But more recently, cross-border attacks have started to take place in a different format: attacks on Pakistani border troops by masses of militants, sometimes numbering in the hundreds, attempting to either kill all Pakistani security forces, or to overwhelm and overpower them, and then take them hostage. A number of cross-border skirmish episodes also occurred between the U.S. and Pakistani militaries, most notably the 2011 Salala check post attack, which resulted in the martyrdom of over a dozen Pakistani soldiers because Afghan troops called for ISAF air support during an operation near the Afghanistan-Pakistan border. That led to a shutdown of the NATO supply routes running through Pakistan as well as widespread anger against the U.S. for running a unilateral drone program in the country’s tribal areas, targeting Pakistani tribesmen at will.
As recently as May 2014, outgoing Afghan President Hamid Karzai has said that his country has never formally accepted the Durand Line as the border between the two countries: in this aspect, his thinking is closer to those of the Taliban militants, who are not hindered by the international de facto border between the two countries. 2,600km long and stretching over rugged terrain and impassable mountains, there are as many as eleven known and officially operational border crossings between Afghanistan and Pakistan – but because the militants belong to the area and would know it better than any outsider, they would know how many ways there are to cross the border through unknown, hidden and unmonitored border crossings that run through mountain crevices and other passages. Attempts to completely transform the Durand Line into the international border – using barbed wire fences, or building a border wall – have failed. As of the end of May, Pakistan is digging a ditch on its side of the Afghan-Pakistan border to stem the flow of incoming militants: Commander of Pakistan Army’s Southern Command, Lieutenant General Nasser Khan Janjua, made an announcement to this effect last month.
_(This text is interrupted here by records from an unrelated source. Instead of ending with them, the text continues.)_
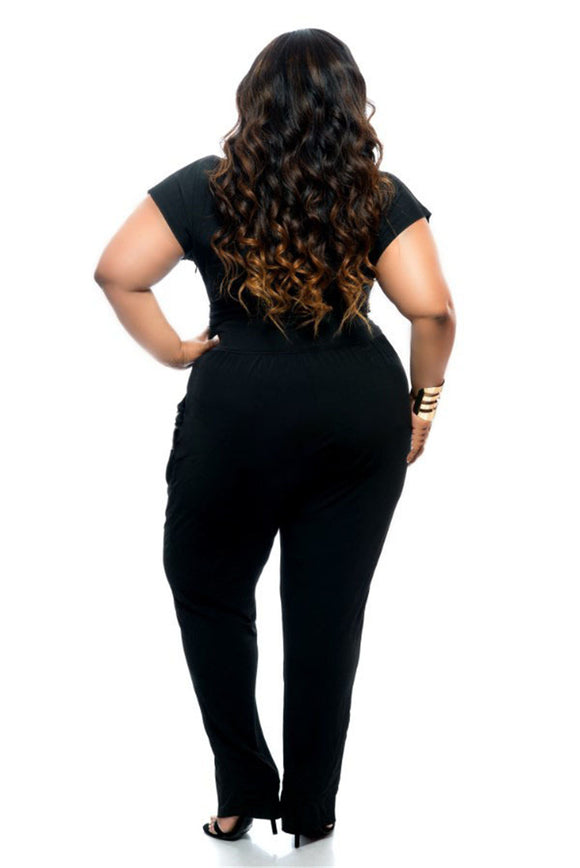 Jumpsuit Elegante Talla Grande Cuello V - Verano Stretch Básico
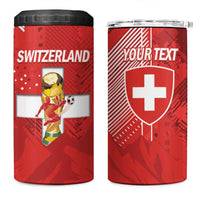 Switzerland Football Custom 4 in 1 Can Cooler Tumbler Go Nati Swiss Alps Grunge Style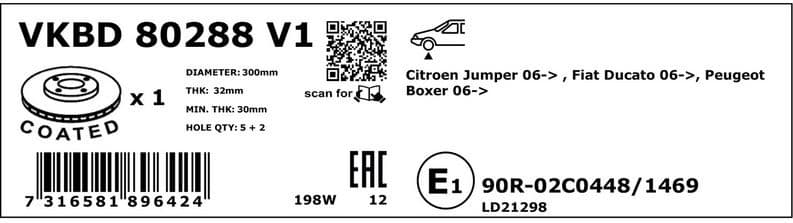 Brake Disc VKBD80288V1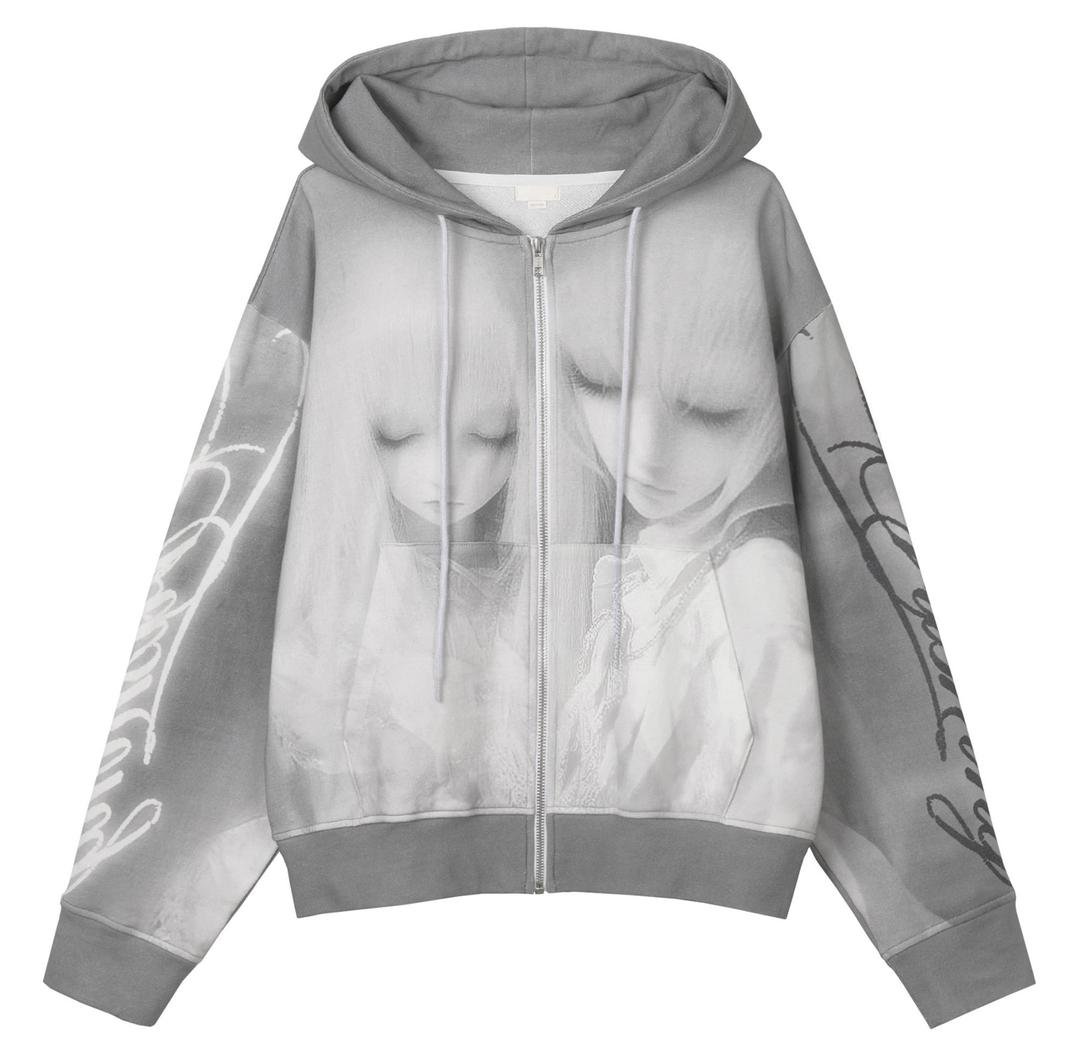 Printed zip up hoodie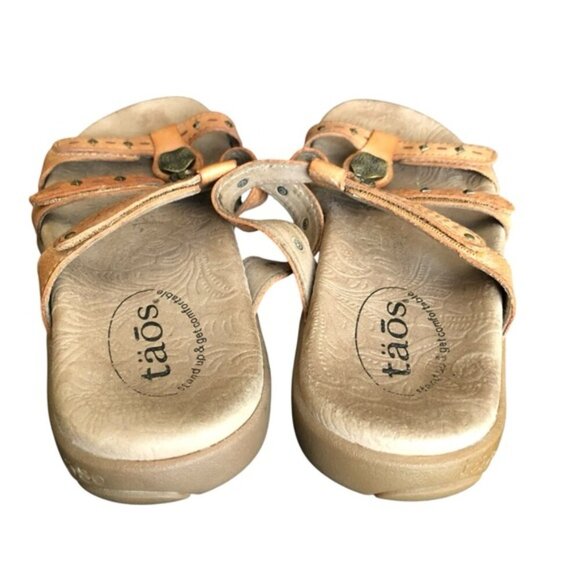 Taos Prize Leather Sandals Women’s Size 6 Tan 3 Strap Comfort - Picture 8 of 13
The fact of the matter is this: while militants are able to make full use of the porous nature of the Afghanistan-Pakistan border, both countries and their state security forces – and the U.S. and NATO-ISAF forces – are unable to develop a mechanism whereby they can jointly monitor and patrol the border, and stem the flow of militants in either direction. Militant groups are operating and cooperating more effectively on both sides of the border, and in a much better and advanced way in terms of achieving their goals, whether they are attacks on NATO supplies in Pakistan (or at the Torkham border crossing, where they cross over into Afghanistan), or whether it is the use of Pakistani militants in Afghanistan or foreign fighters in Pakistan. That the three states – two of whom will have to bear the brunt of unfettered militancy and rising waves of radicalism in society – have not been able to effectively coordinate border security on the Durand Line for over a decade is not only a matter of shame, but also betrays the lack of trust that the different sides feel and express/exhibit towards each other.
SECURING CENTRAL AND SOUTH ASIA BY FOCUSING ON THE DURAND LINE
2014 was dubbed a crucial year by many analysts and top security officials for years: now, half of 2014 has already gone by. Some immediate, focused and concerted steps need to be taken by Afghanistan, by Pakistan, and by both countries bilaterally, to corner the militants within the border areas. Whether the militants should be dealt with on the negotiating table or on the field of war is a matter for the politicians to decide; as far as the military is concerned, its job is to wipe out any and every threat – internal and external – to the nation-state (and a relatively more effective military is able to achieve this goal in a consistent and dynamic fashion).
Recognition of the border by Afghanistan – even as an interim demarcation line – must be on top of the list. If it is not, Pakistan will continue to launch hot pursuit raids on militants who use Afghan soil as safe haven to launch attacks on Pakistani troops, whether at the border posts or anywhere inside the country.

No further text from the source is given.